Changing leaves, harvest fairs, apple picking and pumpkin spice lattes are quintessential autumnal traditions. But, if you’re the parent of a high school senior, autumn is the season of college applications. This rite of passage, anxiously anticipated since your child’s first day of preschool, is finally here. The stress level around your kitchen table reaches an all-time high, every conversation leads back to drafts of the personal statement, re-taking the SAT’s and ACT’s or a strategy for Early Decision vs. Early Action applications. The college application process is daunting, laden with mixed emotions and laced with the overwhelming fear of disappointment.
As someone who has spent considerable time working with colleges/universities focused on student engagement and success, and as a parent of four children who each navigated the college application process with his or her unique personality, experiences and list of “dream” schools, I fully appreciate how stressful the college application process can be.

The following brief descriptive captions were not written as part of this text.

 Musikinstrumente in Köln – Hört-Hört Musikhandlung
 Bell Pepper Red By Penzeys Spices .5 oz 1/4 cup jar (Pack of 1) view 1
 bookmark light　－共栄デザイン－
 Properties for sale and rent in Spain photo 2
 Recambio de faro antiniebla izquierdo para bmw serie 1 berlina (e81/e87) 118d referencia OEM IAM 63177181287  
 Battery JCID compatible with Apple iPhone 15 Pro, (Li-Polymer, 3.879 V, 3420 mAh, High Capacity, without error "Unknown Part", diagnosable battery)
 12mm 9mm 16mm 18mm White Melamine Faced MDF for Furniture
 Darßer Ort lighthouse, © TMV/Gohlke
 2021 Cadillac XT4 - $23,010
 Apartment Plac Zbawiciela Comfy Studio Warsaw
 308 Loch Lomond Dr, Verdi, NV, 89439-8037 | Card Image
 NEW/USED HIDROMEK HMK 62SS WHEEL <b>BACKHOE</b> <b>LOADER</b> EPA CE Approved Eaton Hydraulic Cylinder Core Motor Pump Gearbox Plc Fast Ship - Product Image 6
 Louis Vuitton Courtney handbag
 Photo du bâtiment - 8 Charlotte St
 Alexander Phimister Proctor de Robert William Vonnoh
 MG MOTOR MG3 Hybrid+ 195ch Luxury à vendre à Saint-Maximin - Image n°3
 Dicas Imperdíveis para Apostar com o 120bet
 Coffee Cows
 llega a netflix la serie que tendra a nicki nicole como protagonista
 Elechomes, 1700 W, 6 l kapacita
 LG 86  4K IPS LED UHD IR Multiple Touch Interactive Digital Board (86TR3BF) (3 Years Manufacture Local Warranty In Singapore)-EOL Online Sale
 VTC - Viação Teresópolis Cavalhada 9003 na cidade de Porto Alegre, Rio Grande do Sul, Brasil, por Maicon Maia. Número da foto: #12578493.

While disappointment builds resilience, no parent wants to see his/her child build character through countless rejection letters.
But does applying to college have to be so stressful? To some extent, yes. For most seniors, this is the first critical decision point and possible rejection they have faced. They fear their hard work, academic achievements and extra-curricular contributions will not distinguish them enough to gain admission to a school of their choice. Seniors tend to focus on what they think of as weaknesses in their application packages, whether it’s a standardized test score, one poor grade, lack of a varsity sport or no significant leadership position. In our hyper-competitive, social media-oriented society, this tends to be a time of self-doubt and vulnerability even for those perceived as the best and the brightest. And the logistics of the college application process can become all-consuming. Organizing the application materials, references, transcripts and multiple essays often weigh heavily on students even with exceptional time management and organizational skills.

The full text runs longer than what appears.